Благополучно покинув самолет, Алексей углубился в лес, по широкой дуге обходя зарослями замеченные секреты. Если все получится как задумано, минут через двадцать он выйдет к складу боеприпасов. Дальше придется передвигаться исключительно на брюхе, ну да его подобным ни разу не удивишь. Пока двигался короткими, от куста к кусту, перебежками, а затем полз, подолгу замирая через каждые десять метров, прикидывал, как можно заминировать целый склад одной гранатой. Теоретически детонацию-то вызвать вполне реально, главное, разместить инициирующий заряд в нужном месте. Хотя одной «эфки» может оказаться и маловато. У фрицев несколько гранат затрофеить? Из нескольких «колотушек» можно вполне неплохой заряд соорудить. Вот только как это на практике реализовать? Гранаты, к сожалению, просто так под ногами не валяются.

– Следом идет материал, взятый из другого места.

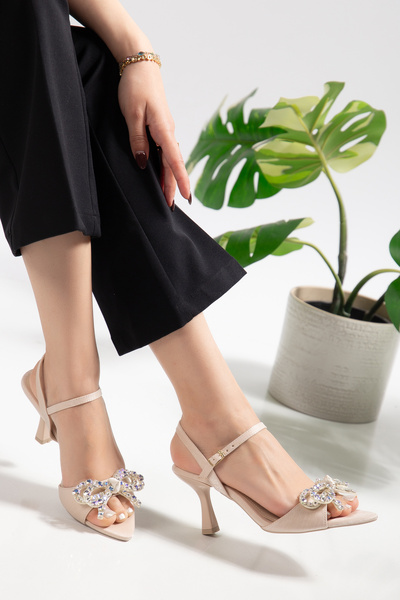 TEKİN SHOES Beige Color Stoned Bow Evening Dress Shoes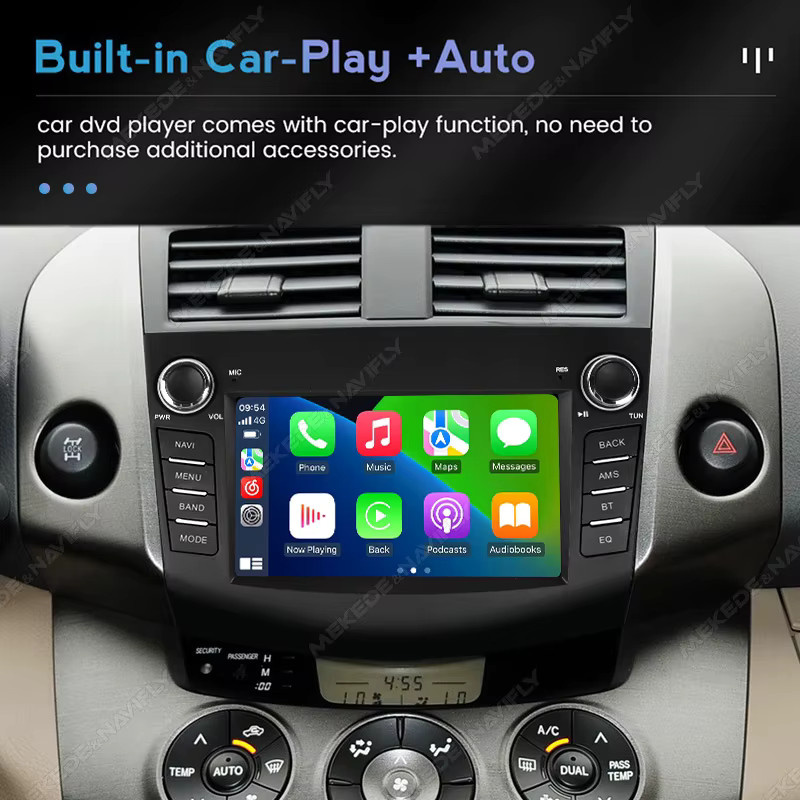 MEKEDE 7 Zoll Carplay Android Auto GPS Multimedia-Stereo für Toyota RAV4 2006-2012, 2 Din Head Unit, Schwarz - Bild 4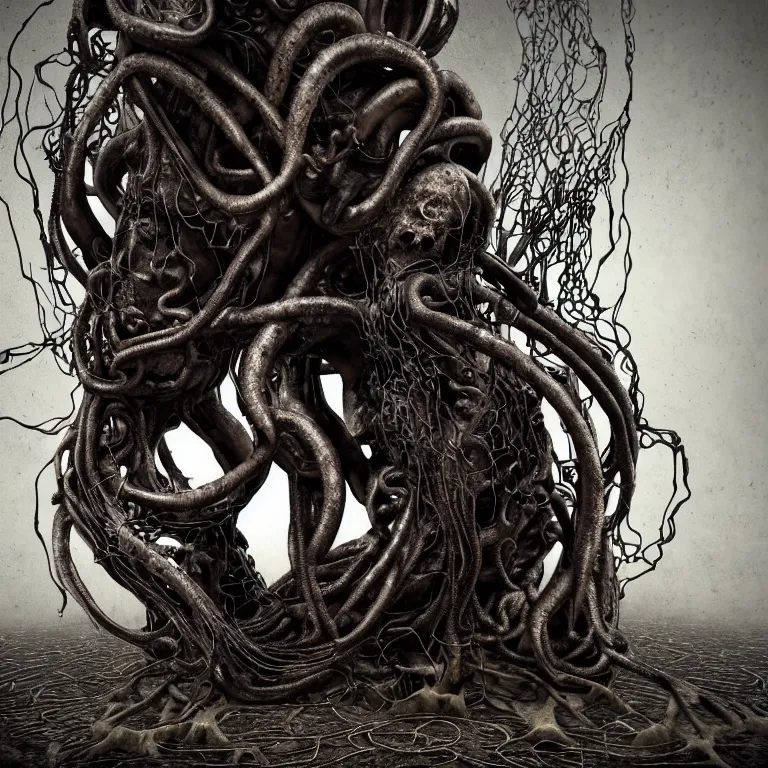 Prompt: portrait of abandoned sculpture of two kissing cyborgs, covered with tentacles, roots, wires, tubes, baroque painting, standing in a desolate empty wasteland, creepy, nightmare, dream-like heavy atmosphere, dark fog, surreal abandoned buildings, baroque painting, beautiful detailed intricate insanely detailed octane render trending on Artstation, 8K artistic photography, photorealistic, volumetric cinematic light, chiaroscuro, Raphael, Caravaggio, Beksinski, Giger
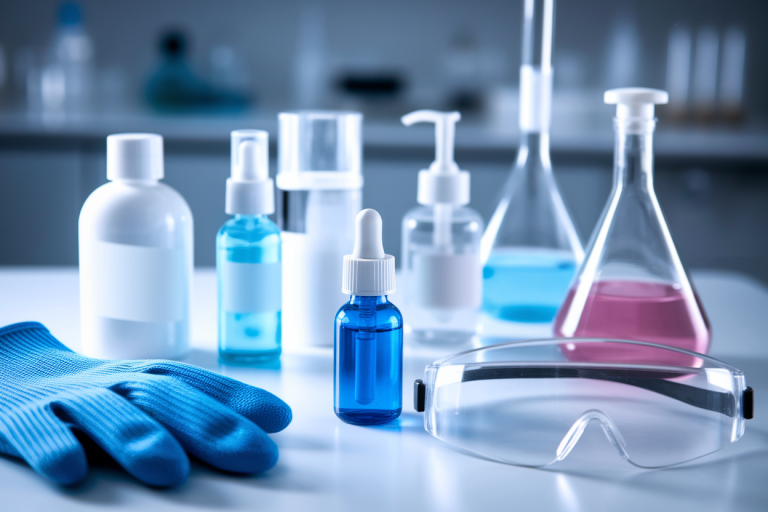 table-laboratoire-conteneurs-gants-lunettes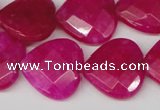 CCN358 15.5 inches 20*20mm faceted heart candy jade beads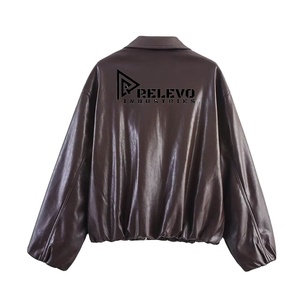 PU Leather <b>Jacket</b> Women Modern Casual Style <b>Slim</b> <b>Fit</b> Fashion Outerwear Comfortable Daily Wear Front Logo Autumn - Product Image 1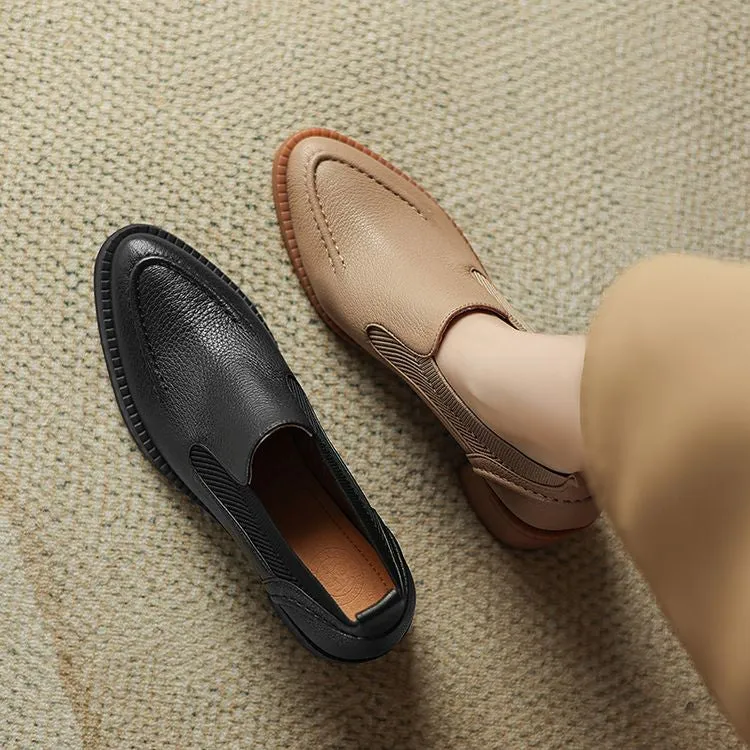 Isyou ibeauty Handmade Leather Block Low Heel Loafers Y2649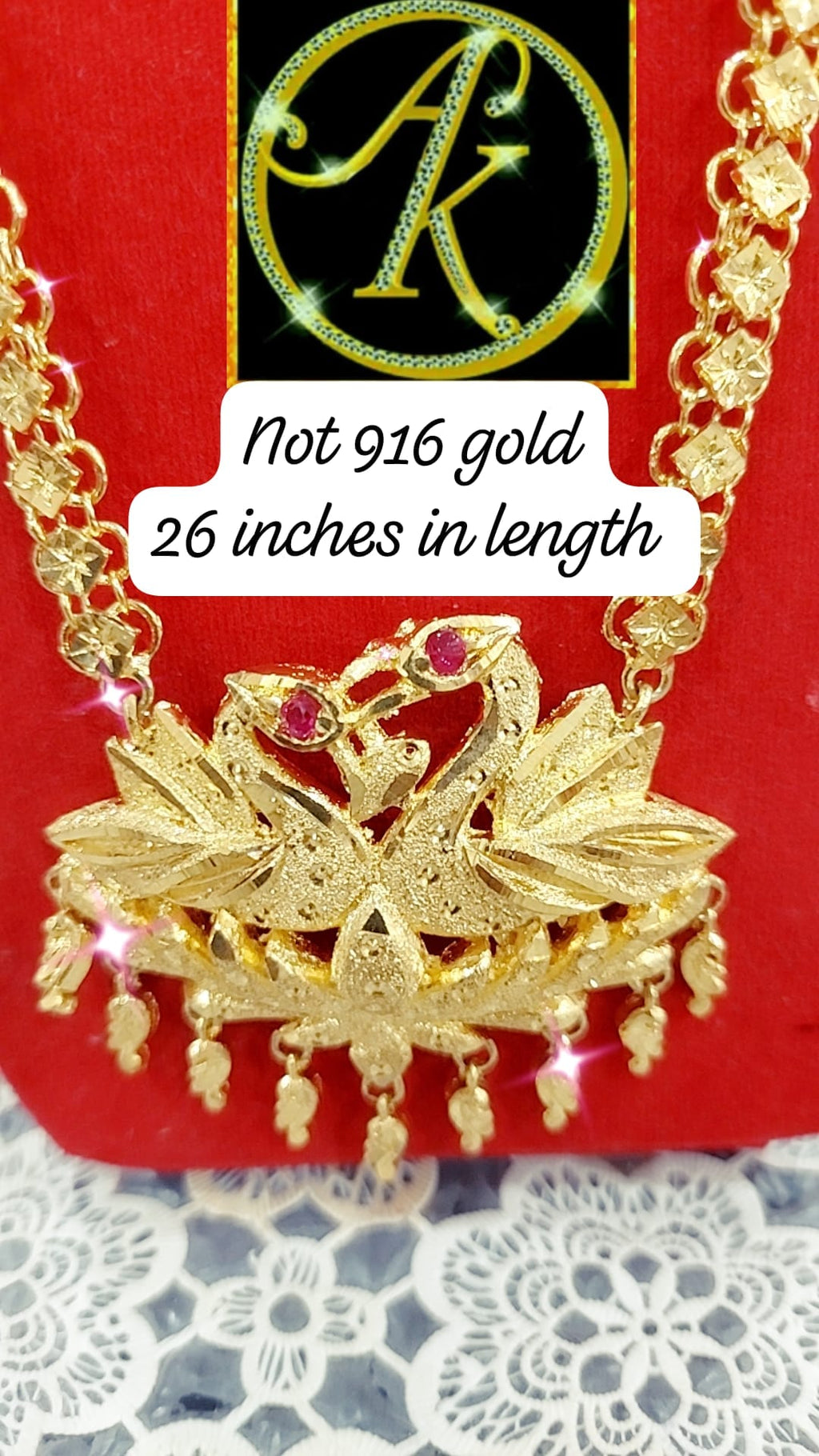 AOO1 Peacock gold maalai not 916 gold.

Замаскировавшись метрах в ста от крайнего штабеля ящиков, десантник почти полчаса наблюдал за импровизированным складом. Ну, тут особых проблем не предвидится: охраняют его всего четверо, так что проникнуть внутрь можно без особых проблем. Достаточно дождаться, когда ближайшая пара фрицев, встретившись, начнет расходиться, и у него будет почти четыре минуты чистого времени. А уж затаиться между плотно стоящими друг к другу штабелями и вовсе проще простого, никакого освещения нет и в помине. Так, с этим разобрались, теперь стоит подобраться поближе к палаткам – вдруг чего важного углядит. Раз «Шторьх» не стали убирать с летного поля, значит, улетит он только с рассветом – вряд ли немцы решатся подниматься в воздух в темноте, да еще и с какой-то важной птицей на борту. А потом, видимо, и штурмовики на вылет пойдут, недаром же их заранее заправили и снарядили. Отсюда какой вывод? Правильно – вся ночь в его распоряжении.